→ **TASK REQUIREMENTS**
Please retype the records below exactly, omitting any images.

→ **RECORD SET**
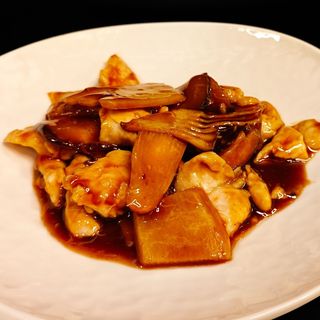 86 Pollo bambù e funghi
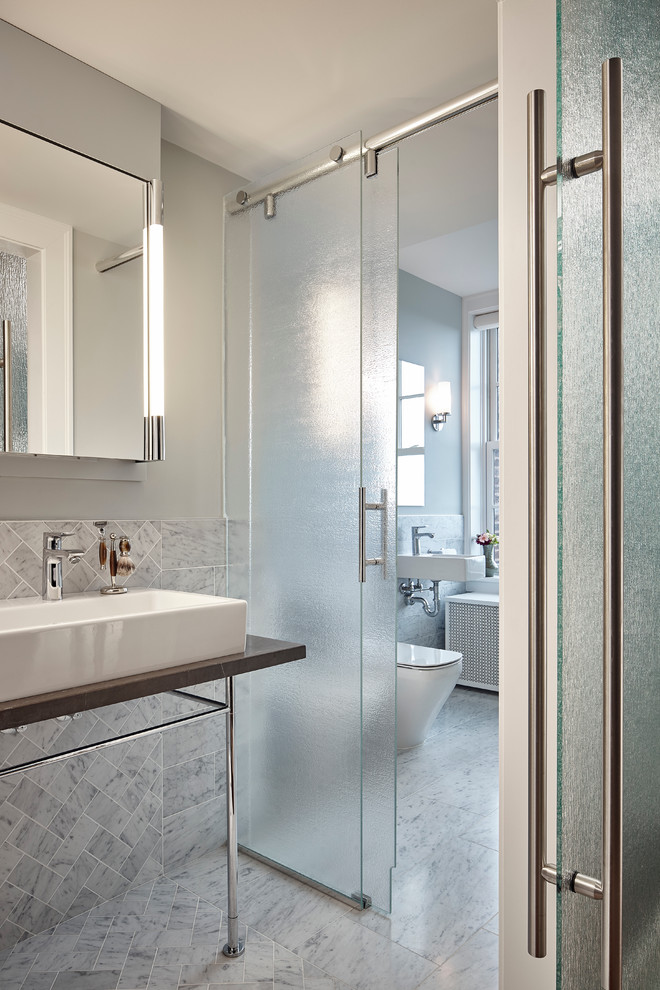 Esempio di una stanza da bagno padronale contemporanea con piastrelle grigie, pareti grigie, lavabo a consolle e top in pietra calcarea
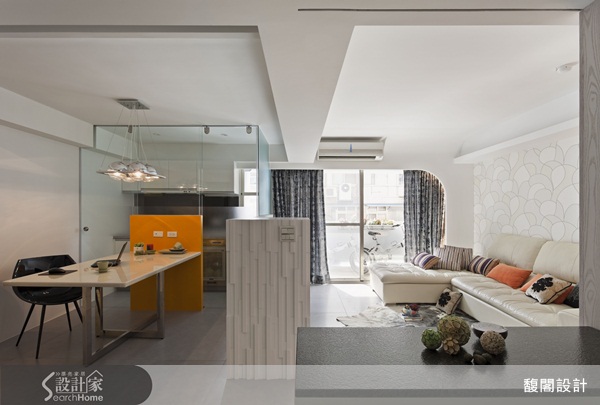 舊屋翻新、現代風、低天花板、淺色空間、色塊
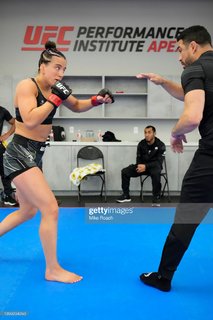 Maycee Barber feet photo thumbnail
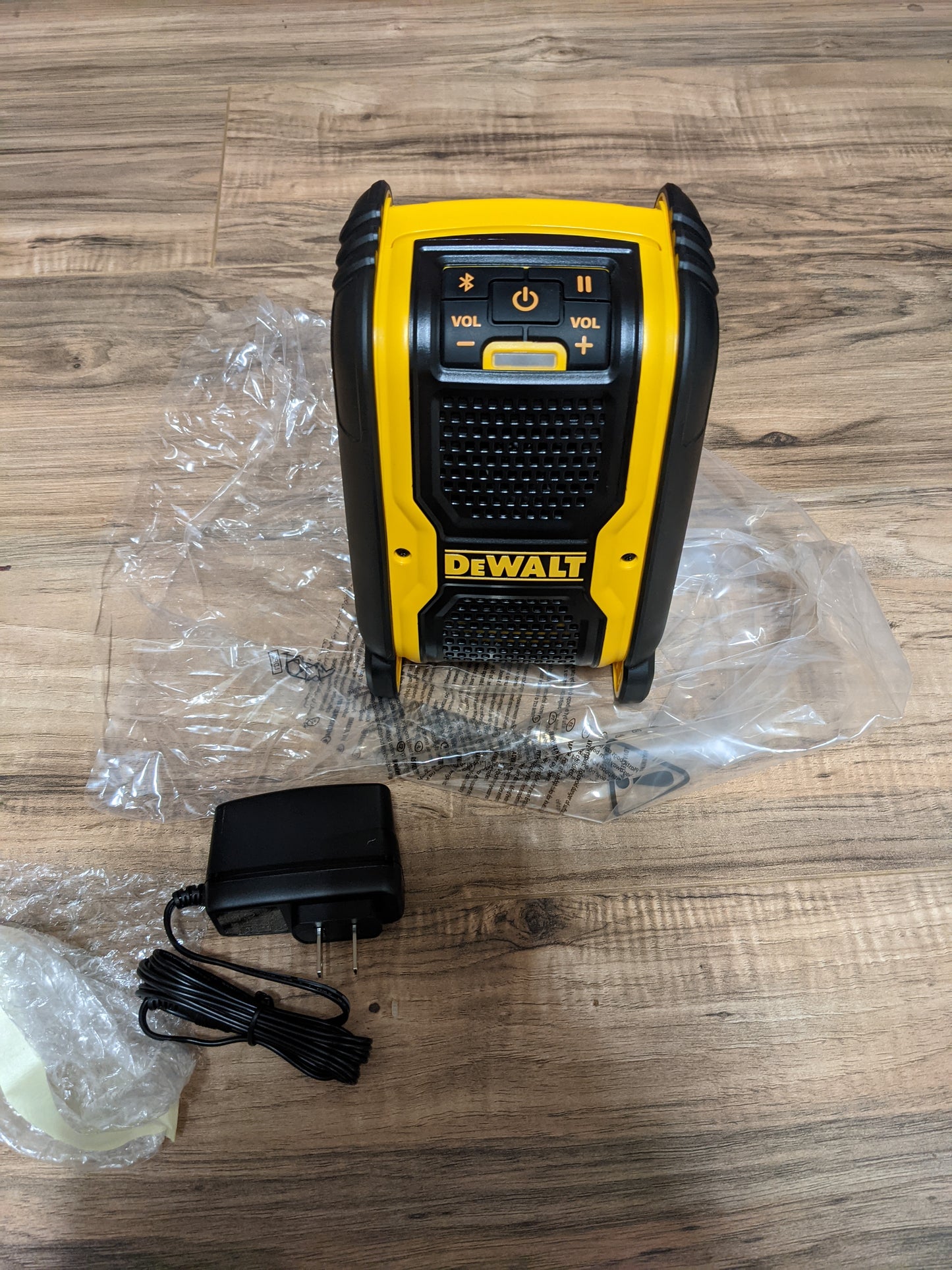 NEW Dewalt Bluetooth Speaker DCR006 20V & 12V Cordless or AC Corded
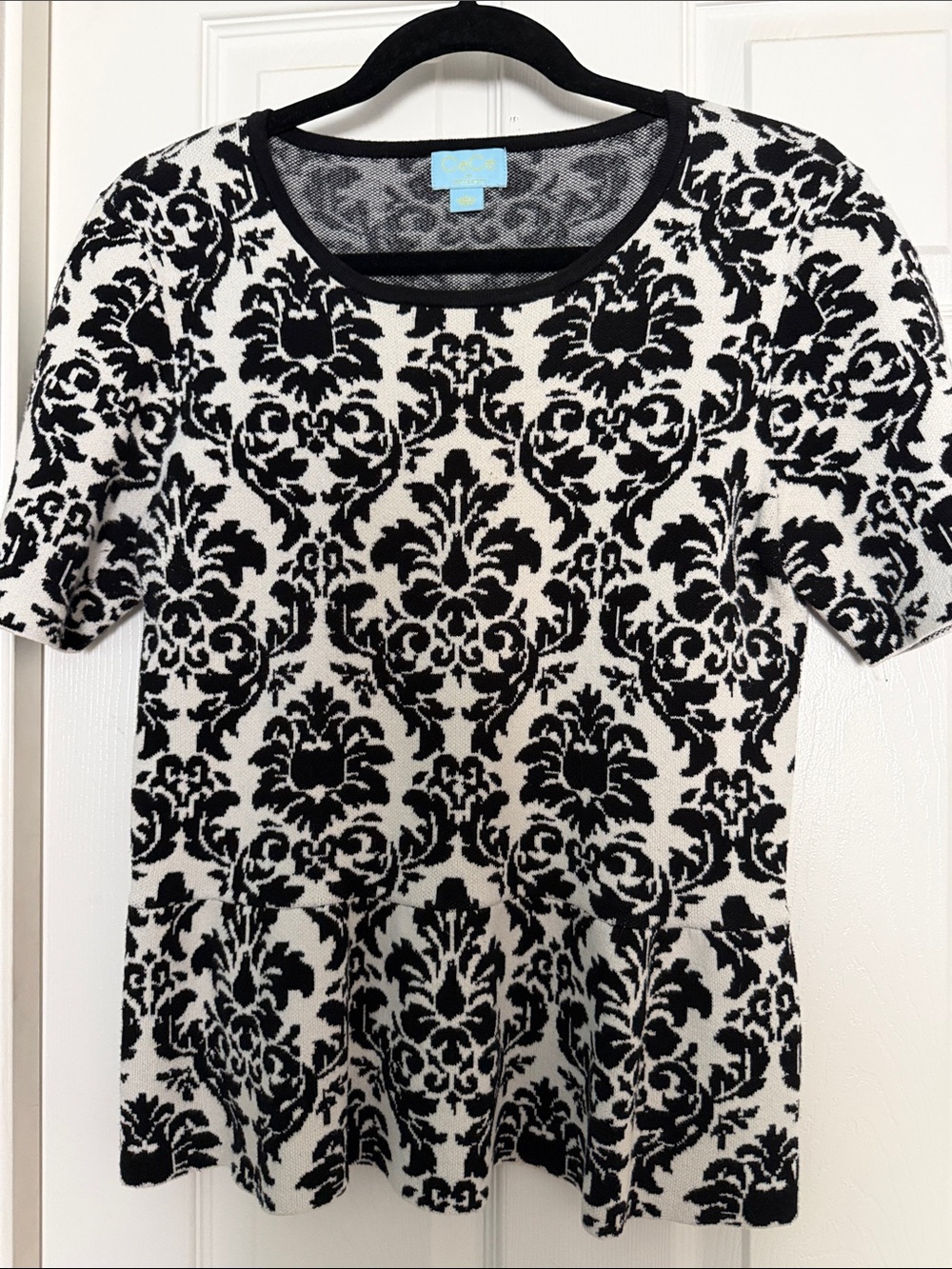 CeCe Black and White Damask Short Sleeve Sweater top
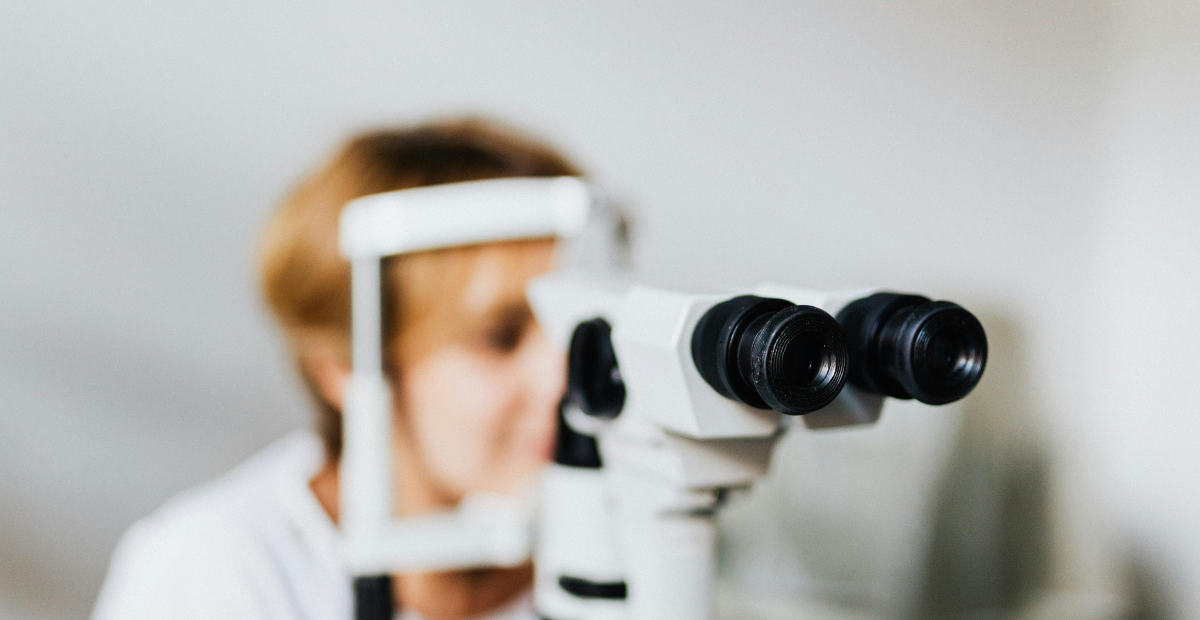 perbandingan-metode-prosedur-bedah-non-bedah-femto-lasik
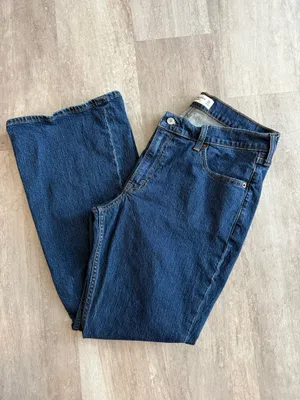 Abercrombie Mid-Rise Bootcut Jeans thumbnail 2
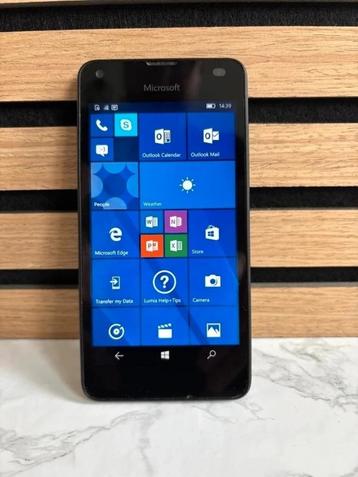 Microsoft Lumia 550  Zwart – 7GB Opslag beschikbaar voor biedingen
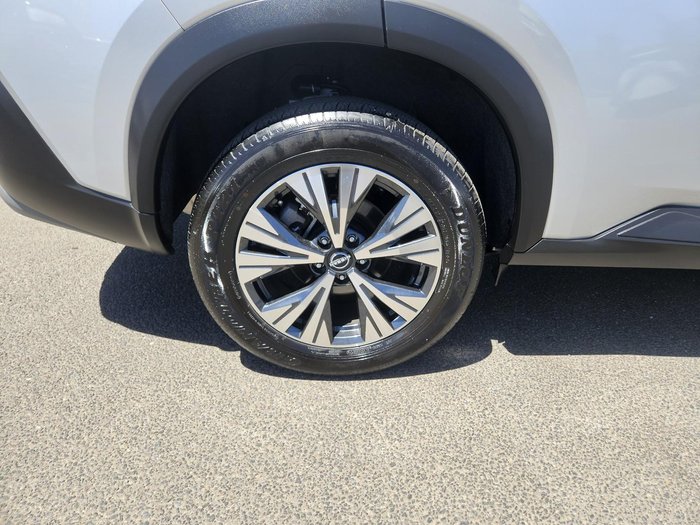 2024 Nissan X-TRAIL ST-L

→ **RESPONSE TO THIS TASK**
 86 Pollo bambù e funghi
 Esempio di una stanza da bagno padronale contemporanea con piastrelle grigie, pareti grigie, lavabo a consolle e top in pietra calcarea
 舊屋翻新、現代風、低天花板、淺色空間、色塊
 Maycee Barber feet photo thumbnail
 NEW Dewalt Bluetooth Speaker DCR006 20V & 12V Cordless or AC Corded
 CeCe Black and White Damask Short Sleeve Sweater top
 perbandingan-metode-prosedur-bedah-non-bedah-femto-lasik
 Abercrombie Mid-Rise Bootcut Jeans thumbnail 2
 Microsoft Lumia 550  Zwart – 7GB Opslag beschikbaar voor biedingen
 2024 Nissan X-TRAIL ST-L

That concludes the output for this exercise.